“Regarding the James Comey case, I understand that the grand jury is a prosecutorial tool. What is to stop the prosecutor from presenting false evidence or lying? Is there any way to know if prosecutor Lindsey Halligan did this, since grand jury testimony usually is sealed?”
— Mary
Hi Mary,
Yes, there is a way.
We got a glimpse this week of the arguments that Comey will raise against his charges. At the former FBI director’s arraignment Wednesday, his lawyer Pat Fitzgerald listed several claims they might press, including what he called “grand jury abuse.”

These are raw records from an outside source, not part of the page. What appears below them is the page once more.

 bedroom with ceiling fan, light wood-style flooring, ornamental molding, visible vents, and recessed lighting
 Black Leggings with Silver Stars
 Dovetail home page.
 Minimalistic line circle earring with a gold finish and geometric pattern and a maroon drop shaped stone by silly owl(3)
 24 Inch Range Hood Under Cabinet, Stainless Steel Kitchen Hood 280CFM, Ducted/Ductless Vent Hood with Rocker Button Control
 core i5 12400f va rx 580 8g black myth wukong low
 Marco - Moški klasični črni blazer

The precise basis for that claim should become clearer when the defense files motions to dismiss later this month. At the arraignment, Fitzgerald said they intend to file two sets of motions. The first, set to come Oct. 20, will challenge the legality of Halligan’s appointment and argue that the charges are vindictive and selective. The second, set to come Oct. 30, is where we could see that grand jury-related claim, as well as other separate arguments (Fitzgerald said he wasn’t exactly sure what everything in the second round of motions will entail).

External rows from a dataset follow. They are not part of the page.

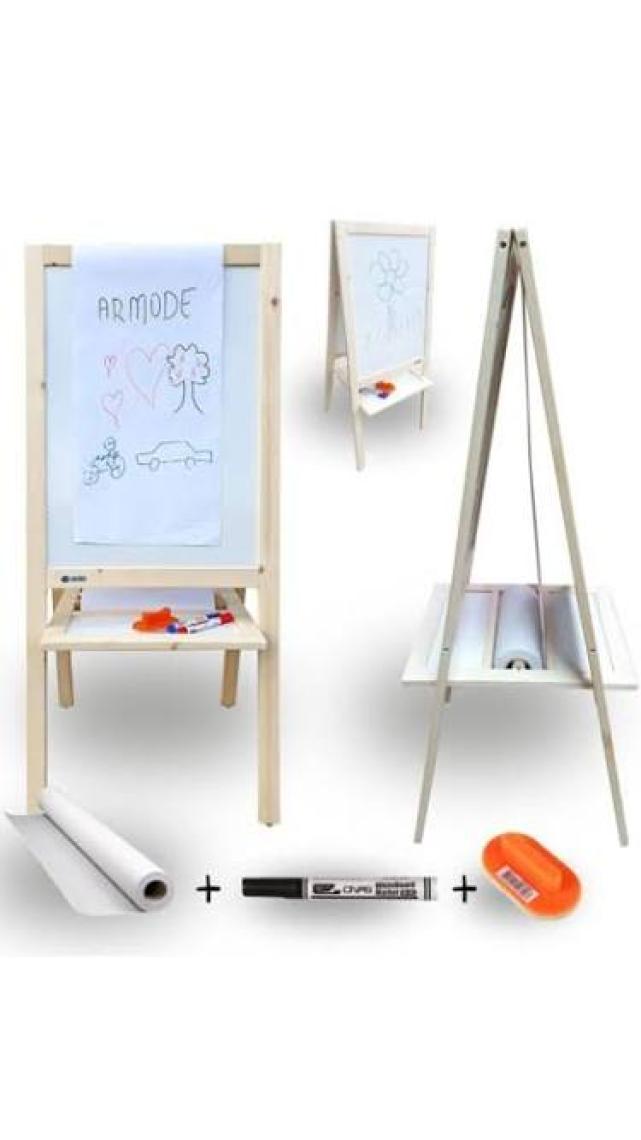 Armode Rulo Kağıtlı Çift Taraflı Ayaklı Ahşap Çocuk Yazı Tahtası Beyaz-Beyaz 115 x 50 cm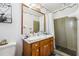 Bathroom with single sink vanity and shower stall at 434 Cana Of Galilee Ct, Tucker, GA 30084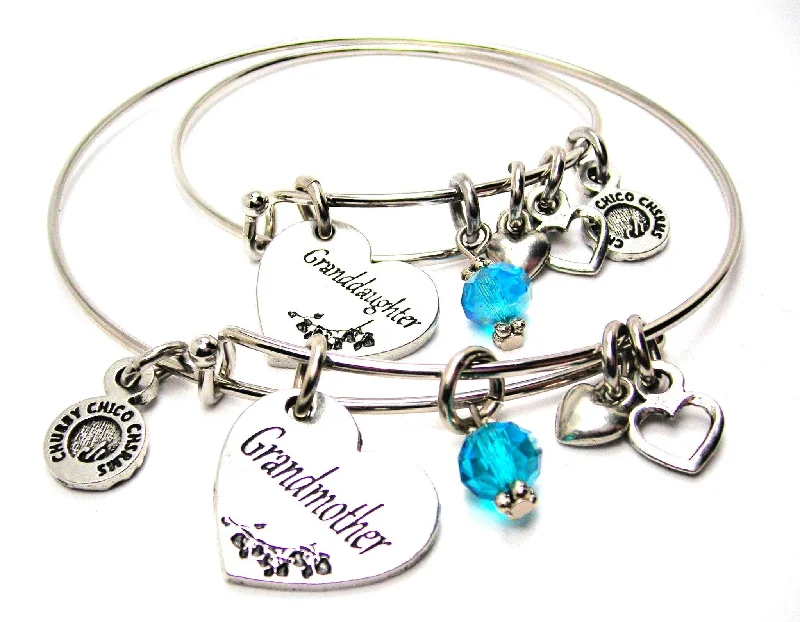 Grandmother and Granddaughter Adult and Child Matching Expandable Bangle Bracelets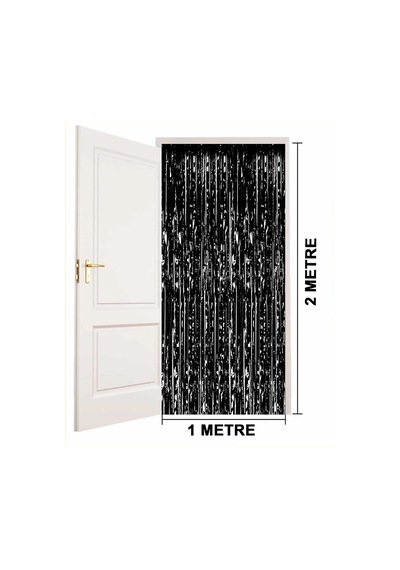 Siyah Renk Ekstra Metalize Parlak Aklı Arka Fon Perde İthal A Kalite 1x2 Metre Çok Renkli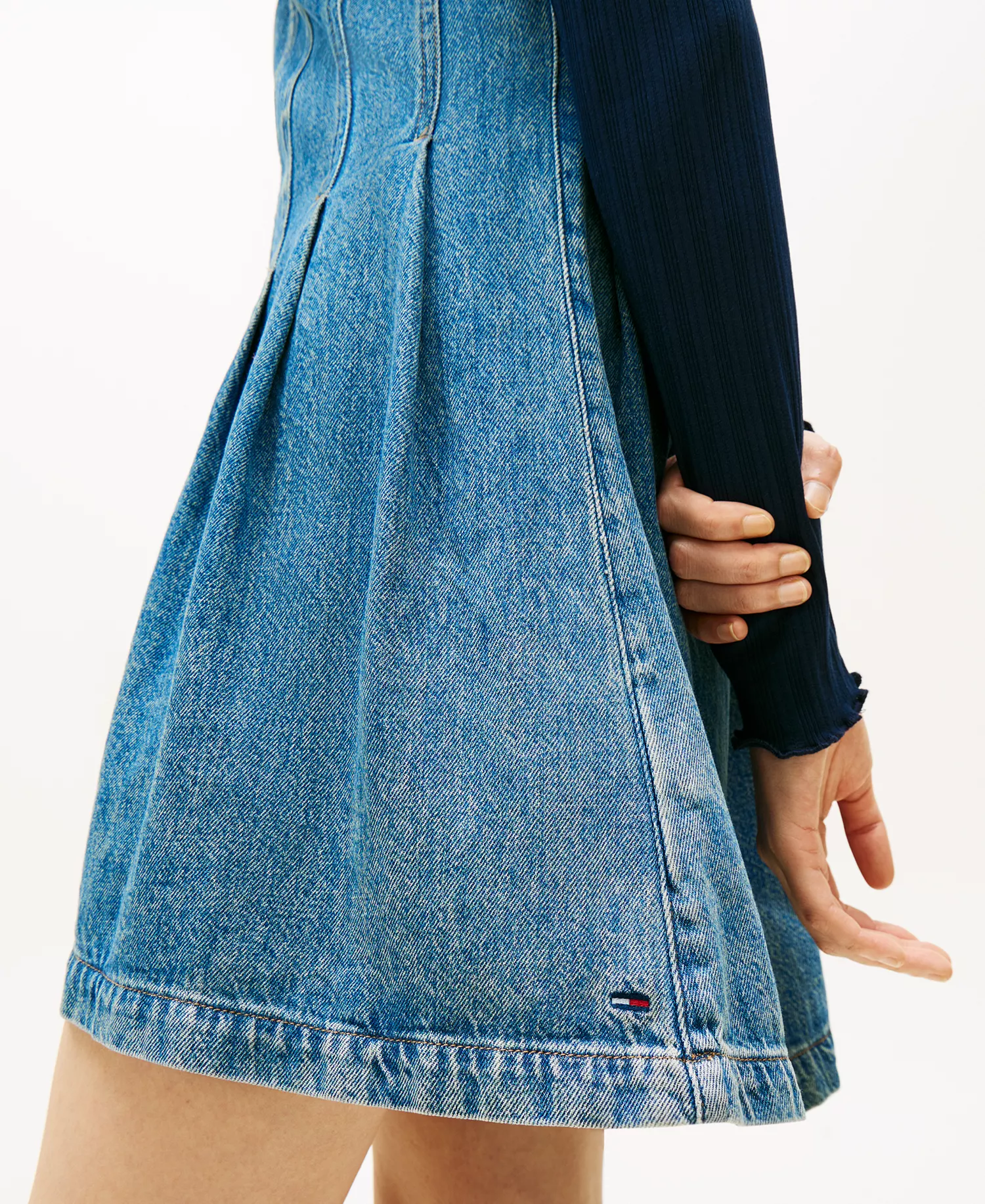 Women's Pleat Seam Denim Dress - Denim Medium - L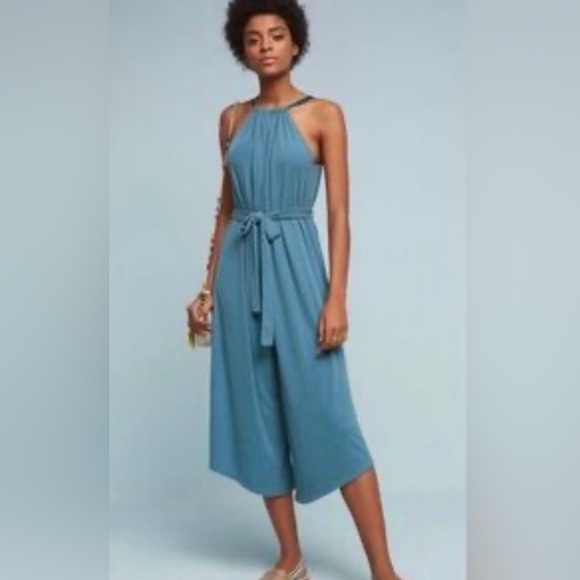 HD in Paris Blue Pleated Wide-Leg Jumpsuit – Size Small Anthropologie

As you note, grand jury proceedings are generally secret. But there are exceptions. Potentially relevant here is a procedural rule that says courts can authorize disclosure “at the request of a defendant who shows that a ground may exist to dismiss the indictment because of a matter that occurred before the grand jury.”

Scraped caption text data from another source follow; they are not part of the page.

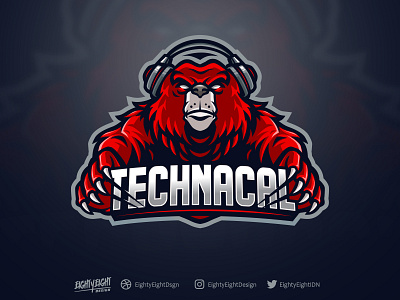 TECHNACAL bear bear logo esportlogo esports gaming gaminglogo illustration mascot mascot character mascot logo mixer streamer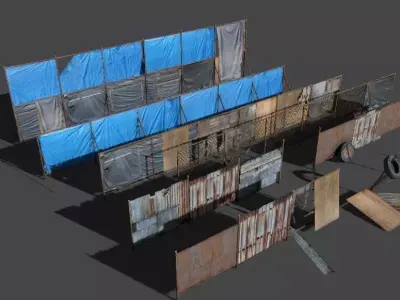 Fences pack Low-poly 3D model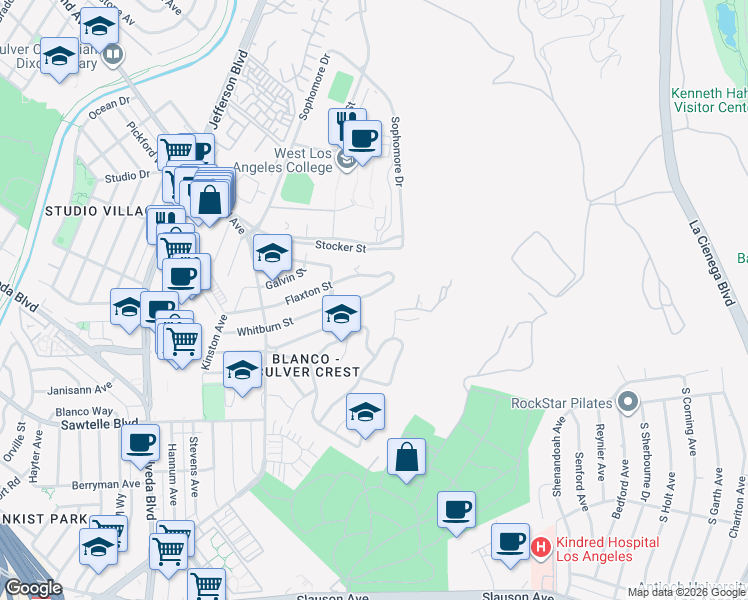 map of restaurants, bars, coffee shops, grocery stores, and more near 10661 Ranch Road in Culver City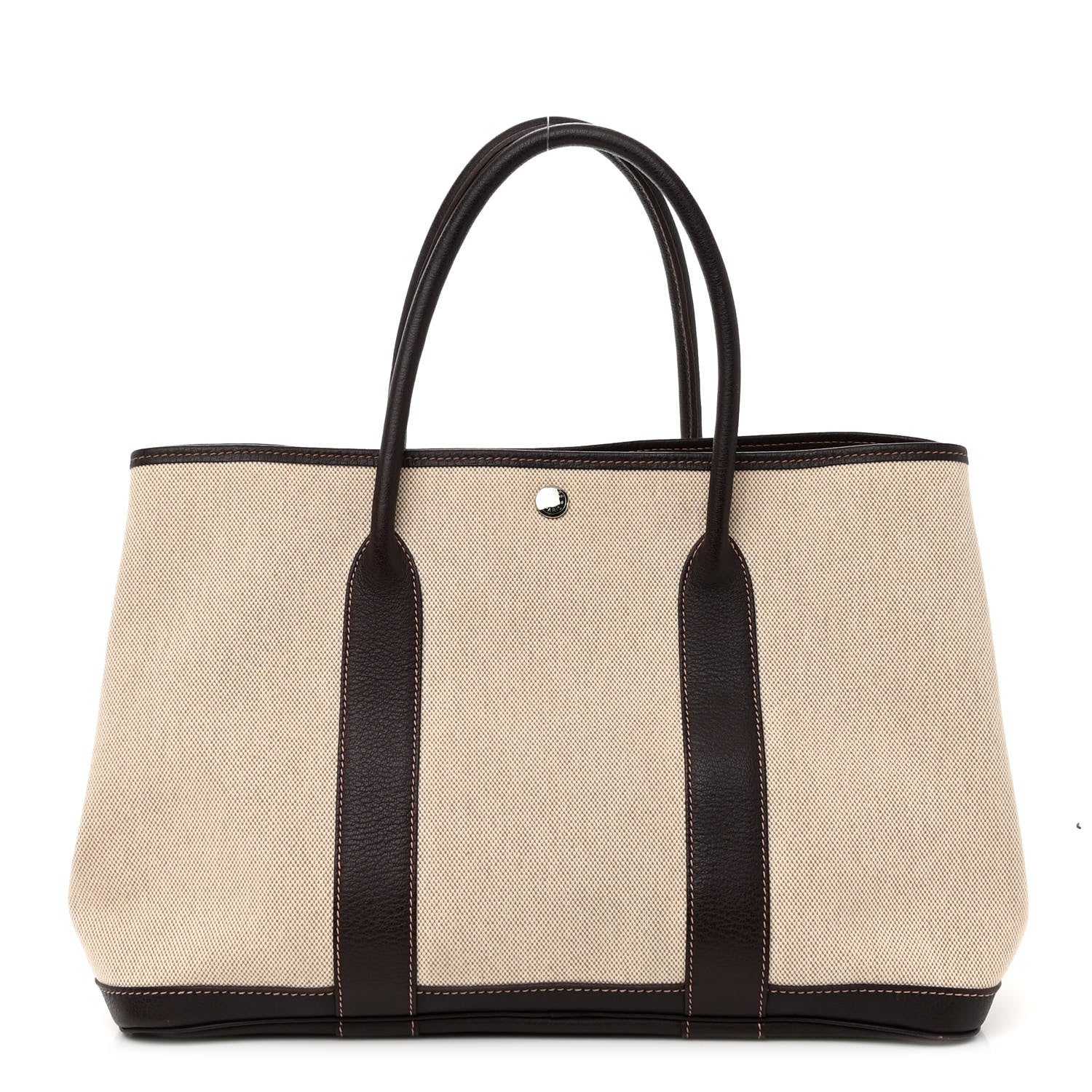 Hermes Buffle Skipper Toile Garden Party 36 MM Tote Marron Fonce 1 of 9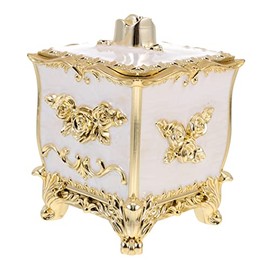 Hohopeti Cotton Pad Storage Case Embossed Cotton Swab Organizer Box for Makeup Essentials Dustproof Design for Vanity and Bathroom Elegant Floral Pattern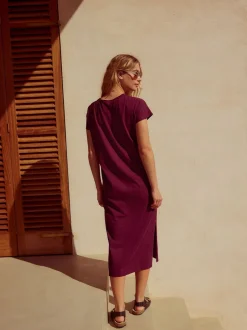 Next Violet prune - Robe d’été t-shirt à manches courtes torsadée Clearance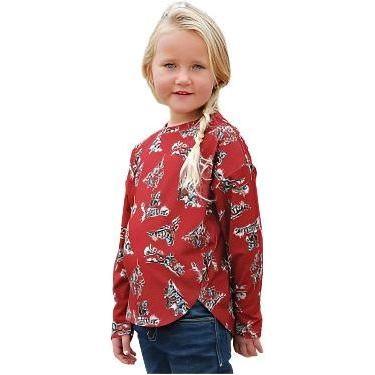 Girl's Cruel Denim Cowboy Print Knit Blouse CTK8001001 - Crazy House Western Wear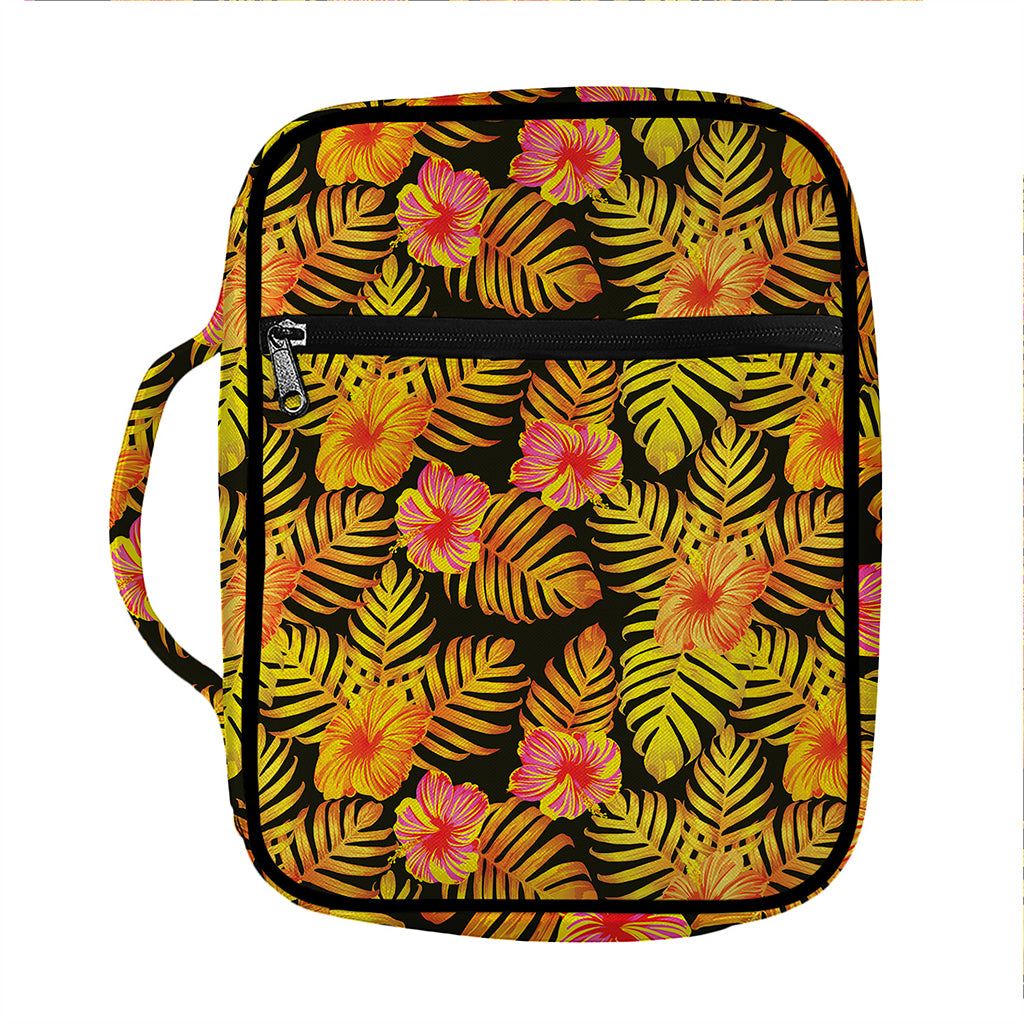 Yellow Hawaiian Tropical Pattern Print Front Pocket Bible Bag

Judges have warned against invoking that rule as a “fishing expedition” to search for abuse. Therefore, if Comey’s lawyers do invoke that rule, then they will need to specify grounds for doing so. Of course, that raises the question of how a defendant could know what’s there unless they look; but as Comey understands well as a former prosecutor himself, the law is filled with such hurdles. Yet, as with other aspects of this case, like the vindictive prosecution claim that Comey will raise, the Trump administration has given the defense some material to work with in mounting challenges that rarely succeed under normal circumstances.
And if Fitzgerald’s reference to “grand jury abuse” includes a different type of argument, or multiple arguments under that general heading of abuse, then we should see all of that in the defense motions due Oct. 30. But the bottom line is that the grand jury process will be among the several areas that the defense is exploring in seeking to dismiss the indictment pretrial — and there is precedent for such exploration.